Task instructions:
In the data below, set down exactly the lines from the one containing "Weinhotel Koegler 3* Eltville am Rhein" up to and including the one containing "Hairiest Bear online". Leave the pictures out.

Supplied records:
- - - - - - -

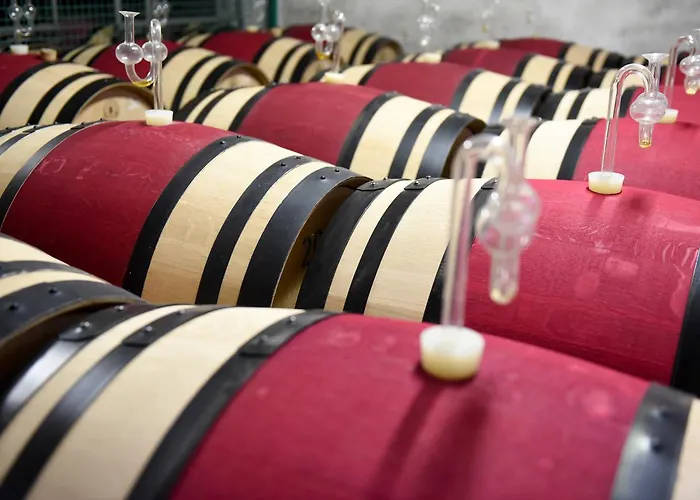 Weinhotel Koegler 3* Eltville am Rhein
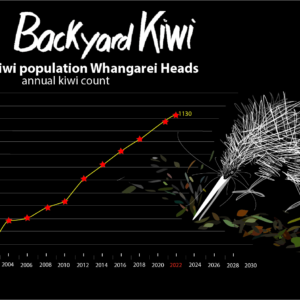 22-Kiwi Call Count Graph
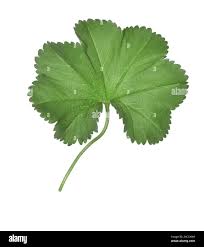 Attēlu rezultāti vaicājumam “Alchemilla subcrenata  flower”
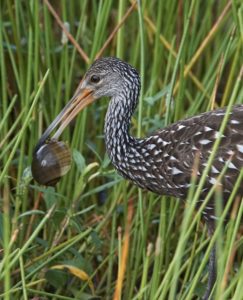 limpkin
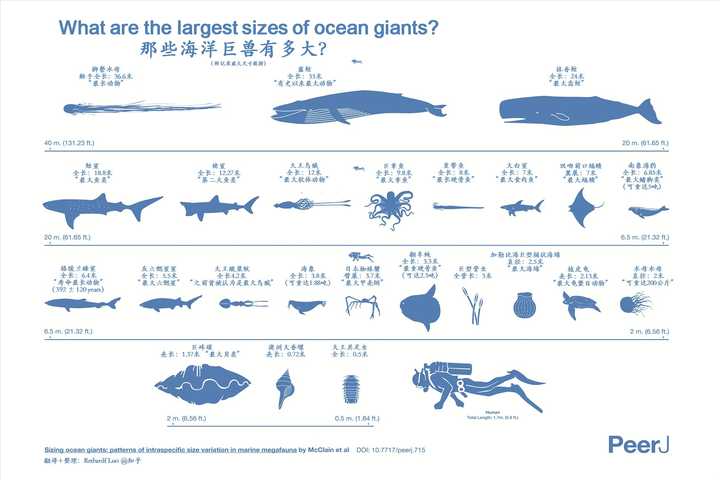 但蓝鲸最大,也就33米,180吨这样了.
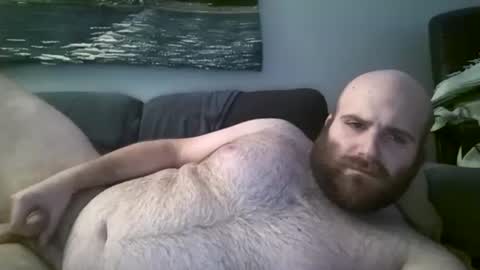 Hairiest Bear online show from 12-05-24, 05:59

- - - - - - -

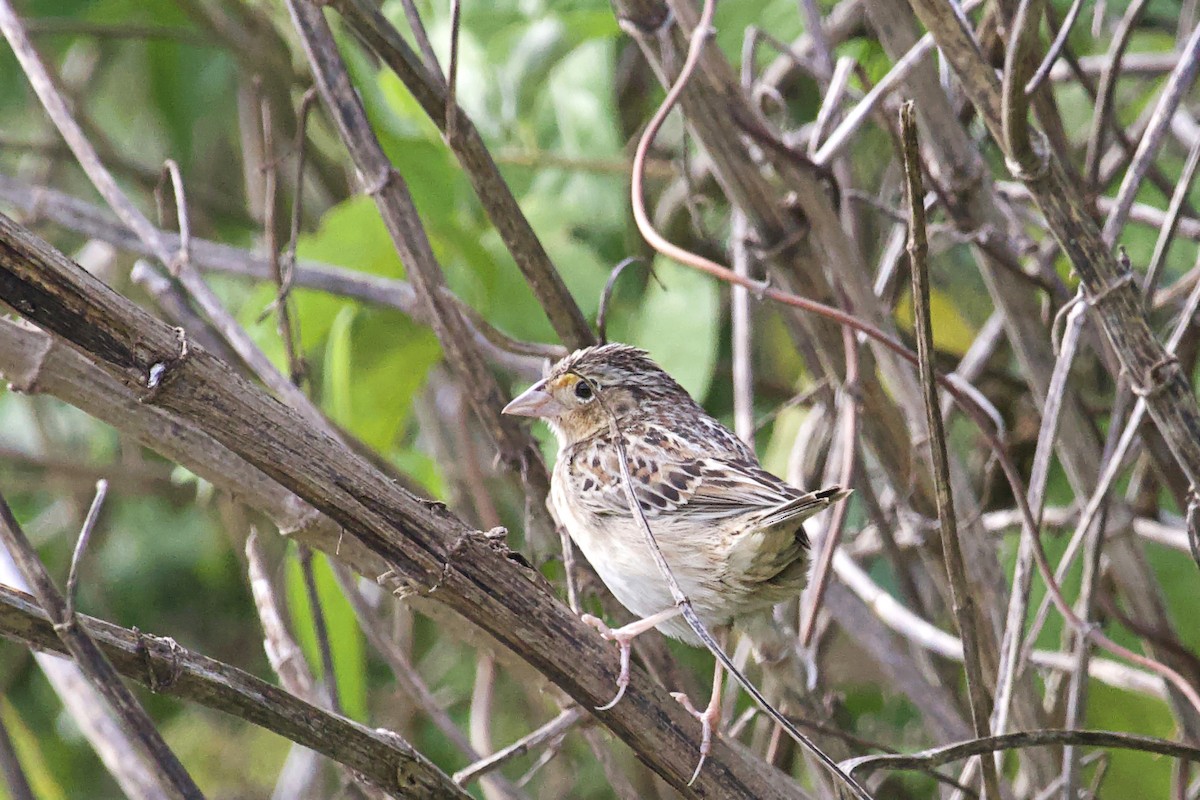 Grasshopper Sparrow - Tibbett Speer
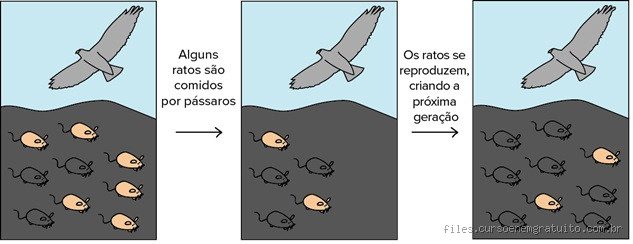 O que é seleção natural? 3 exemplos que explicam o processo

- - - - - - -

Reply to the task:
 Weinhotel Koegler 3* Eltville am Rhein
 22-Kiwi Call Count Graph
 Attēlu rezultāti vaicājumam “Alchemilla subcrenata  flower”
 limpkin
 但蓝鲸最大,也就33米,180吨这样了.
 Hairiest Bear online show from 12-05-24, 05:59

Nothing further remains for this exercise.